◆ **Task objective**
Images are to be excluded, and the rest of the data repeated exactly.

◆ **Records supplied**
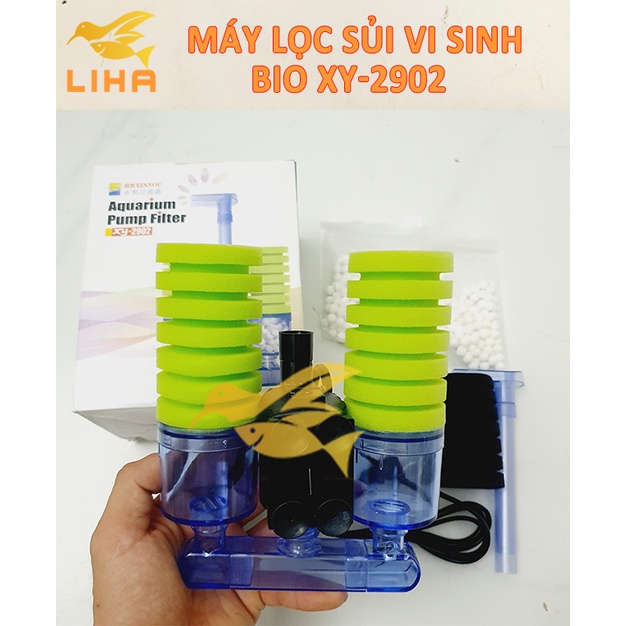 Lọc Sủi Vi Sinh Có Máy Bơm Bio Bông Đôi Kèm Vật Liệu Lọc XY-2902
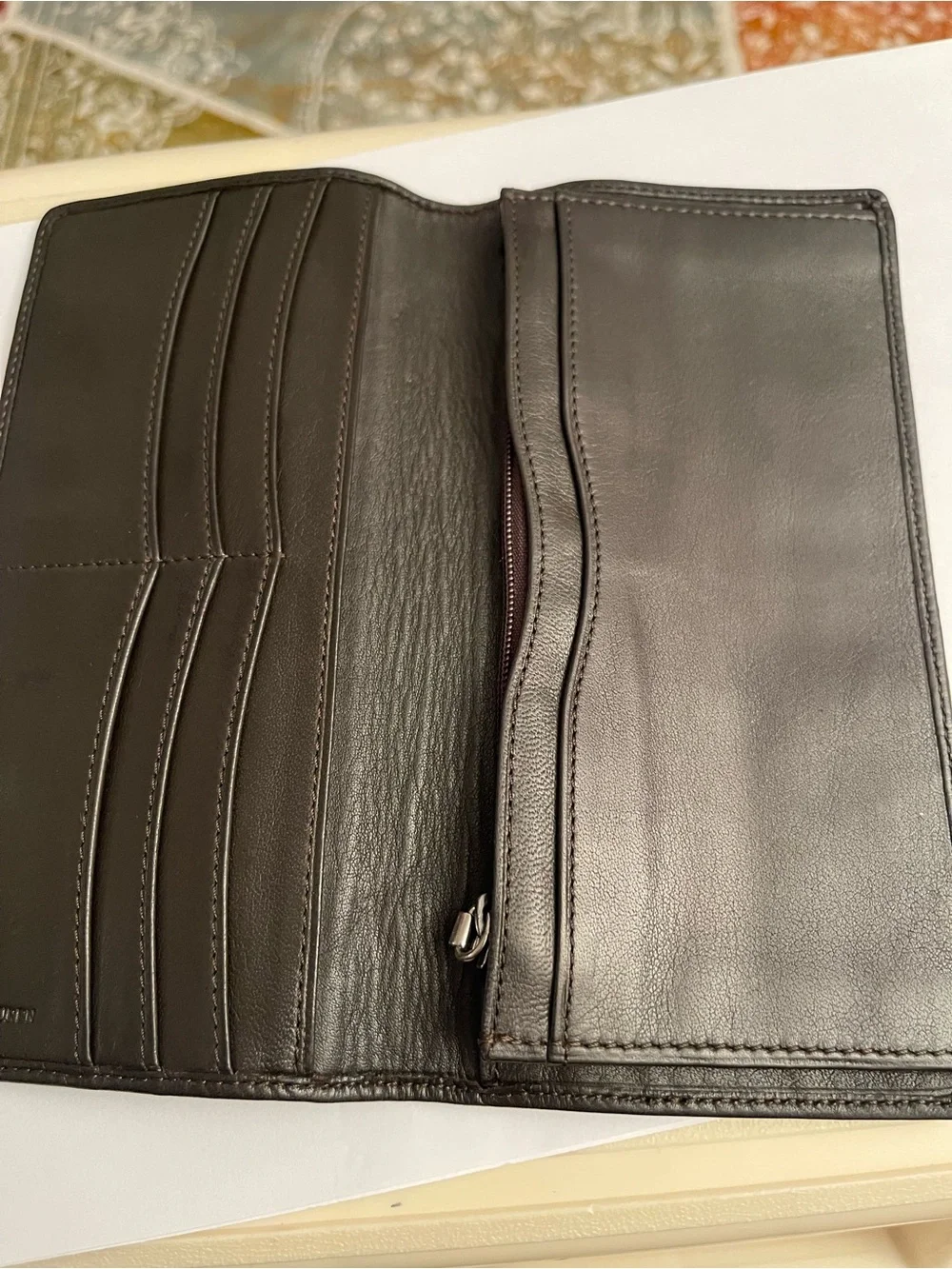 Lauren Ralph Lauren Black Leather Long Wallet with Silver Logo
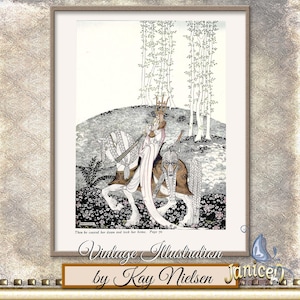 He Took Her Home| Magical Children&#39;s Fairy Tale Illustration | Kay Nielsen-Inspired Digital Art | Vintage Storybook | Kids Fantasy Art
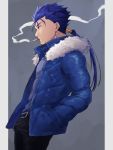  1boy alternate_costume beads belt blue_hair cigarette closed_mouth cowboy_shot cu_chulainn_(fate)_(all) earrings fate/stay_night fate_(series) from_side fuji121 fur-trimmed_jacket fur_trim hair_beads hair_ornament hands_in_pockets highres jacket jewelry lancer long_hair male_focus pants ponytail red_eyes smoke smoking solo spiked_hair type-moon 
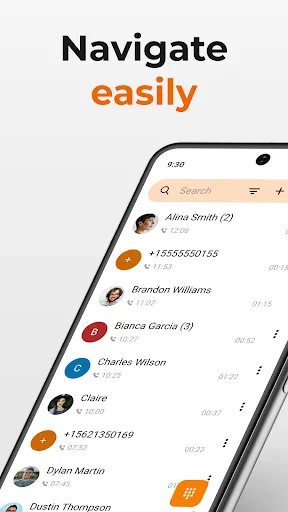 Simple Dialer app contacts list showing names with profile photos, phone numbers, and search functionality for easy navigation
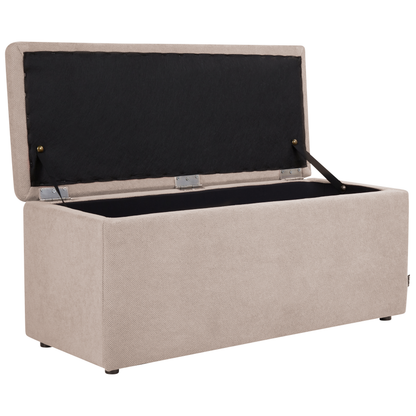 Beige Storage Ottoman 100 x 42 x 40cm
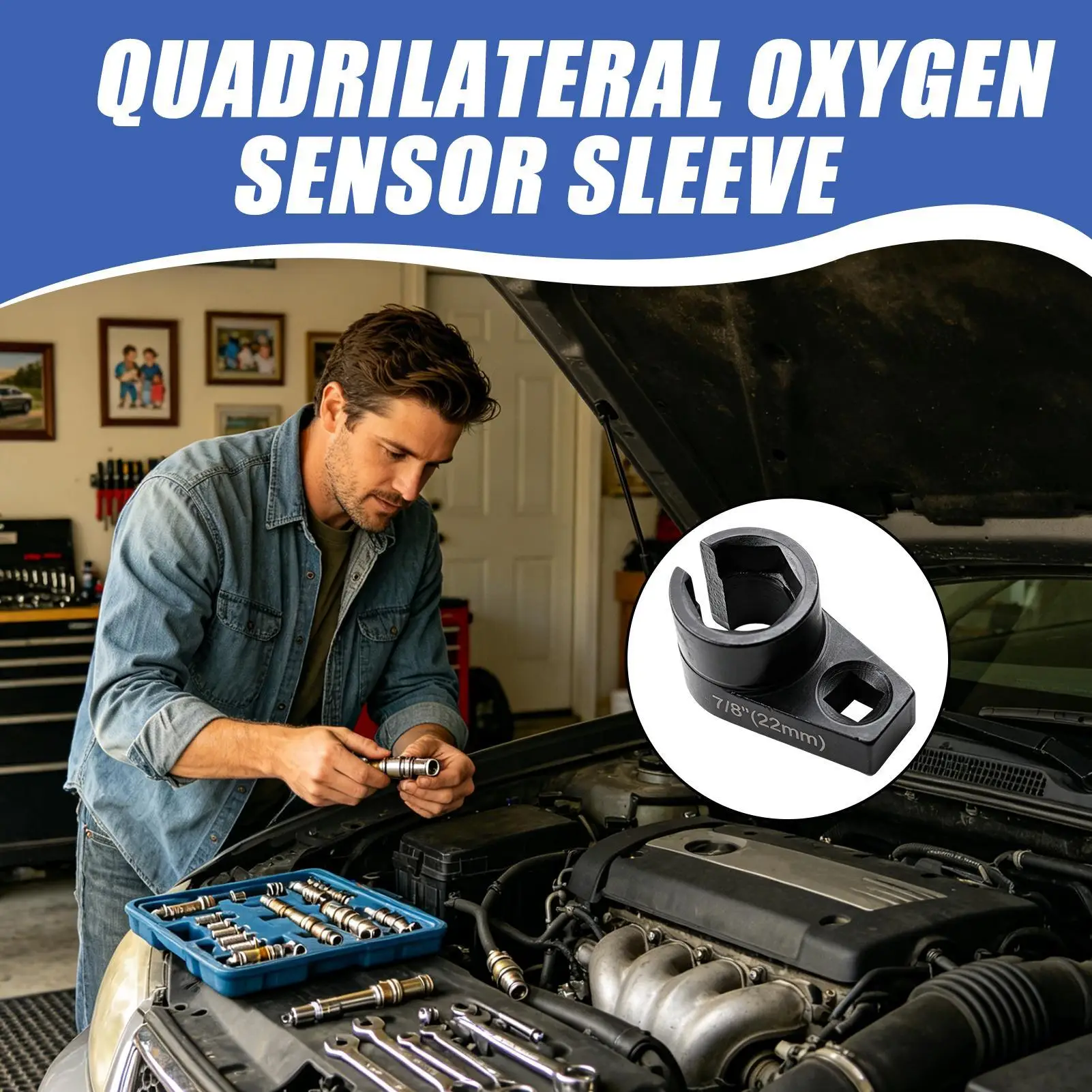 Universal Drive Remover Oxygen Sensor Socket Removal Tool 22mm Engine Adapter Wrench For Automotive Engine Light Check Filter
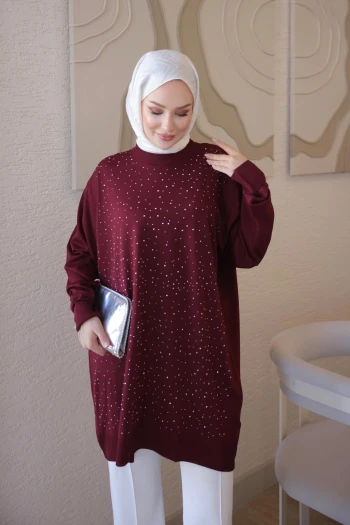 Bordo Bisiklet Yaka Taş İşlemeli Tunik
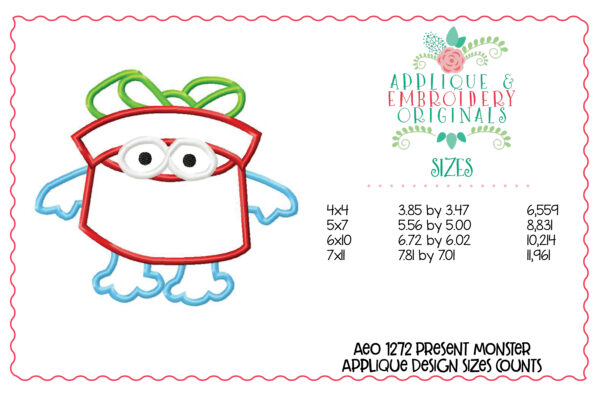 1272 Present Monster Applique Design - Image 2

◆ **Task output**
 Lọc Sủi Vi Sinh Có Máy Bơm Bio Bông Đôi Kèm Vật Liệu Lọc XY-2902
 Lauren Ralph Lauren Black Leather Long Wallet with Silver Logo
 He Took Her Home| Magical Children&#39;s Fairy Tale Illustration | Kay Nielsen-Inspired Digital Art | Vintage Storybook | Kids Fantasy Art
  1boy alternate_costume beads belt blue_hair cigarette closed_mouth cowboy_shot cu_chulainn_(fate)_(all) earrings fate/stay_night fate_(series) from_side fuji121 fur-trimmed_jacket fur_trim hair_beads hair_ornament hands_in_pockets highres jacket jewelry lancer long_hair male_focus pants ponytail red_eyes smoke smoking solo spiked_hair type-moon 
 Simple Dialer app contacts list showing names with profile photos, phone numbers, and search functionality for easy navigation
 Beige Storage Ottoman 100 x 42 x 40cm
 Universal Drive Remover Oxygen Sensor Socket Removal Tool 22mm Engine Adapter Wrench For Automotive Engine Light Check Filter
 Bordo Bisiklet Yaka Taş İşlemeli Tunik
 1272 Present Monster Applique Design - Image 2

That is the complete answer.